Un aspect rare de l’EMC était son orientation nationale. Contrairement à la plupart des dictionnaires musicaux, il se concentrait sur la musique et la vie musicale d’un seul pays. Il n’a pas toujours été facile de maintenir cette orientation. Dans les années 1980, de nouveaux membres du conseil d’administration ont pensé que l’on pouvait se passer de l’idée d’éditions en deux langues, et du travail de traduction correspondant. En guise de solution, un membre, un homme d’affaires au fait des nouvelles technologies, pensait que la traduction pouvait être gérée par un programme informatique; il a fallu le persuader qu’en raison du vocabulaire particulier de la musique, ce serait un désastre. Il est à noter que notre campagne de financement a reçu une réponse plus généreuse du gouvernement du Québec (alors sous l’égide du Parti Québécois) que de celui de l’Ontario.
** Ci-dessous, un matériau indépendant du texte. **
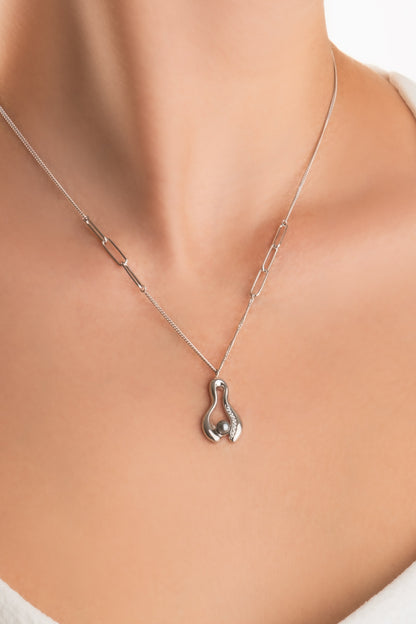 Mariana 18 Ayar Beyaz Altın Kaplama 44 Cm Gümüş Inci Kolye 07316086099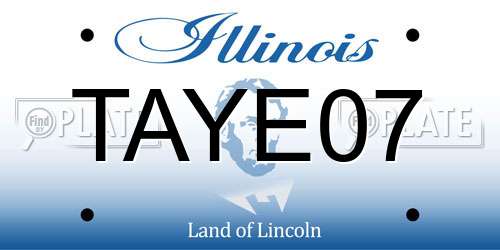 TAYE07 Illinois License Plate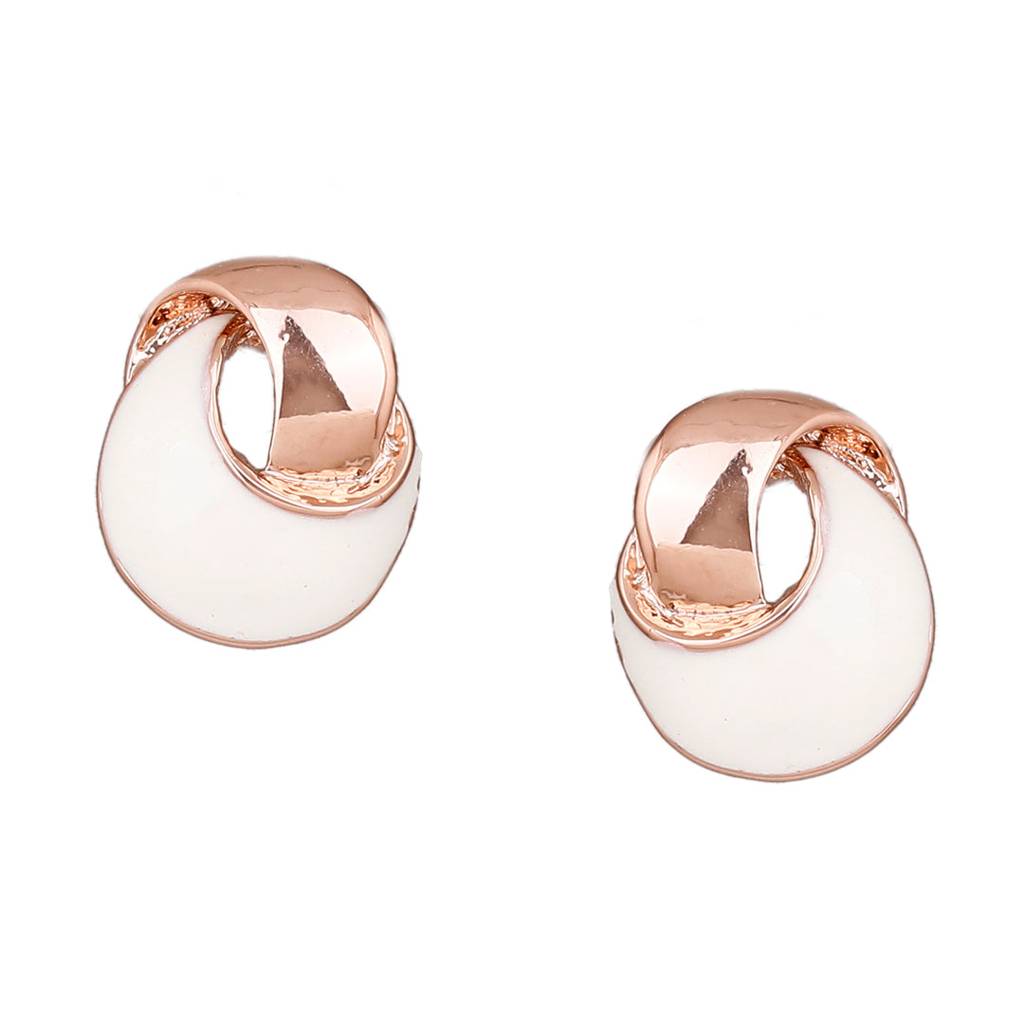 Estele Rosegold Plated White Enamel Stud Earrings For Women : 702708ER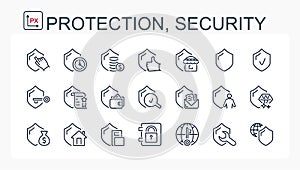 A set of vector illustrations, icons from a thin line, protection and security.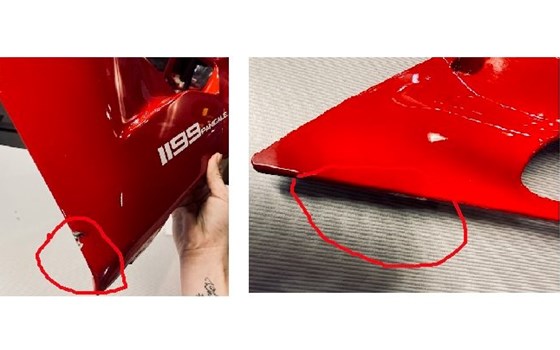 Verkleidungssatz rot 1199 Panigale  2012-2015 1299 Panigale 2015-2018 für beides €150 Neu Preis wäre  €760 (kleine Mängel siehe Fotos). - Bild 2
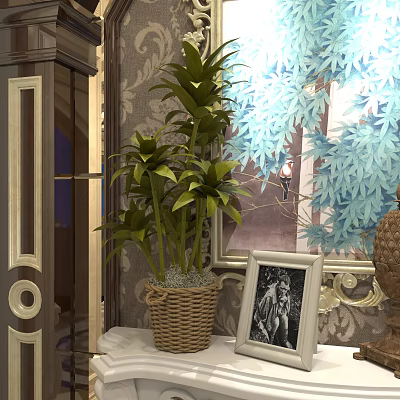 Potted Bonsai Plant in Wicker Basket with Elegant Decorative Setting Patterned Background Wall and Frame 3d model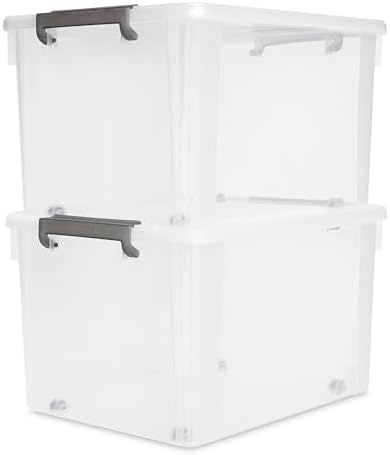 Citylife 2-Pack 58.1 QT Clear Plastic Storage Bins with Latching Lids by CITYLIFEHomeOrganization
Il semblait que la troisième édition, comme tant d’autres entreprises similaires, abandonnerait l’impression papier en faveur de la mise sur pied d’un ouvrage de référence continu en ligne. La Bibliothèque nationale avait, depuis l’époque de Helmut Kallmann, été un partenaire proche de la recherche sur l’EMC. Elle est devenue un centre de mise à jour des entrées. Au début des années 2000, le conseil d’administration a confié le travail à la Fondation Historica du Canada (maintenant Historica Canada). L’EMC est ainsi devenue une publication sœur de l’Encyclopédie canadienne sous la direction de James H. Marsh. En 2002, l’EMC a été intégrée à la version en ligne de l’Encyclopédie canadienne.
Après 30 ans, l’Encyclopédie de la musique au Canada demeure un ouvrage de référence fréquemment cité. Elle a fait l’objet de révisions et de modifications, reflétant les changements marqués de l’époque dans la signification même de la musique. Son ampleur et son niveau de détail, cependant, restent remarquables. Une autorité américaine éminente, le musicologue Robert W. Stevenson, a fait référence à ses « deux éditions incomparables » et l’a déclaré « supérieure à tous égards à tout autre dictionnaire national publié en Amérique du Sud et en Amérique du Nord ».